Heureusement M. Cabanis méprisait cette erreur, et pensait comme le plus grave et le plus illustre de nos magistrats, l’immortel d’Aguesseau.

D’Aguesseau disait qu’en revenant aux belles-lettres, il éprouvait le sentiment d’un homme qui retourne dans le pays ou il est né, et où il a passé les plus belles années de sa vie.

Il voulait que l’orateur étudiât la profondeur des réflexions dans Corneille ; la beauté des images, la vivacité des mouvements, la félicité des expressions dans Racine ; le simple, le vrai, le gracieux dans la Fontaine : l’impression, disait-il, et comme la teinture de ces différents caractères, se fait sentir dans les ouvrages de ceux qui les ont bien lus ; et il en est de leur style comme de ces carnations parfaites dans la peinture, où aucune des couleurs ne domine, et où néanmoins elles font toutes leur effet.

La justesse de cette observation se fait parfaitement sentir en lisant M. Cabanis : on reconnaît, dans ses écrits, cette heureuse teinture dont parle d’Aguesseau il avait répandu sur son style le doux charme des bons auteurs dont il s’était nourri ; et, en étudiant la poésie, il avait acquis l’art de donner du nombre à sa prose, des ornements convenables à ses pensées, et, pour ainsi dire, de la vie à tout ce qu’il touchait.

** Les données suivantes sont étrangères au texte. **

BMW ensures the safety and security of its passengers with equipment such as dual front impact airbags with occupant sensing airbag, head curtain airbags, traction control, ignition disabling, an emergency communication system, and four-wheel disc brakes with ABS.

Convaincu de l’importance de sa profession, qu’il regardait comme une espèce de sacerdoce consacré aux infortunés, il était loin de leur dérober ses veilles pour se livrer à son étude favorite : étant jeune même, il avait dit adieu aux Muses sur les marches d’un hôpital ; là, il avait fait le serment de dévouer ses jours aux pauvres et aux infirmes ; mais il avait fait ce serment en vers, et, sans manquer aux devoirs qu’il s’était imposés, il donna, toute sa vie, quelques moments aux belles-lettres. Il relisait Homère, et trouvait, sur la palette du prince des poëtes, de plus riches et de plus douces couleurs pour peindre Hippocrate, et se reposait de l’étude de Galien en corrigeant sa traduction de l’Iliade.

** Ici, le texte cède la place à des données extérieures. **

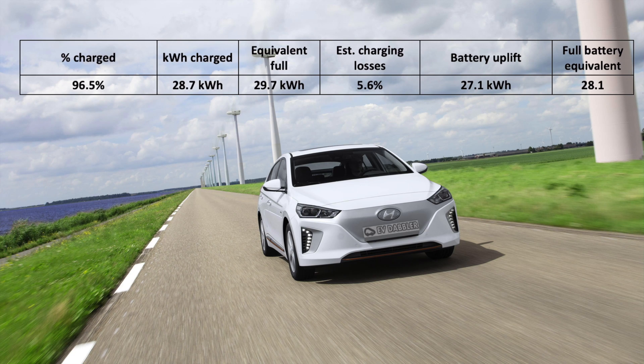Now, what that gives us is the equivalent full charge of 28.1 kilowatt hours for the battery — the usable capacity — and 29.7 kilowatt hours in terms of wall-to-wall energy. That would point to exactly zero degradation compared to the 28.1 kilowatt hours expected on the Ioniq 28, per the name.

Il faut donc le louer à la fois, et d’avoir senti cet amour pour la poésie, qui donnait tant de charme à son style, et d’avoir modéré ce penchant qui, s’il l’eût entraîné, nous aurait privés de tant d’ouvrages utiles.

Mais ce qui surtout mérite d’être l’objet constant de nos éloges et de nos regrets, c’est cette passion du bien public qui dominait son âme, dictait ses écrits, dirigeait ses actions et ennoblissait toutes ses pensées.

La mort inexorable vient de le frapper au moment où cet amour du bien public devait lui faire espérer les plus douces jouissances, à l’instant où il allait voir accomplir les plus chers de ses vœux.

L’administration des hôpitaux perfectionnée ; l’établissement des maisons de travail qui doivent faire un jour disparaître de cette belle France le vagabondage, l’oisiveté, la misère et les vices qui les entourent ; la création de cette Université, de cet imposant édifice qui doit donner à l’instruction publique une marche certaine, une direction unique, et qui promet de former une génération digne du fondateur de l’empire.

Quel spectacle pour un ami de l’humanité ! Et pourquoi faut-il qu’il soit privé du plaisir d’applaudir avec nous à ces travaux pacifiques du plus célèbre des conquérants, aux créations vertueuses du plus puissant des monarques ?

Mais s’il ne peut en être le témoin, il a su les prévoir ; et lorsqu’au 18 brumaire ses vœux appelaient à nous gouverner le héros dont le nom honorait dès lors l’Institut, il présageait toute sa gloire ; il prévoyait que l’ami des lettres, des sciences, des arts, en serait le protecteur, et que ceignant du même laurier le savant utile, l’écrivain éloquent, l’intègre magistrat, le pontife respecté, le guerrier intrépide, le médecin fameux, l’artiste célèbre, Napoléon saurait faire de cette couronne un lien d’amour et d’honneur, qui, réunissant tous les mérites, tous les talents, toutes les vertus, doit les faire travailler de concert à porter au plus haut degré le bonheur et la gloire de notre patrie.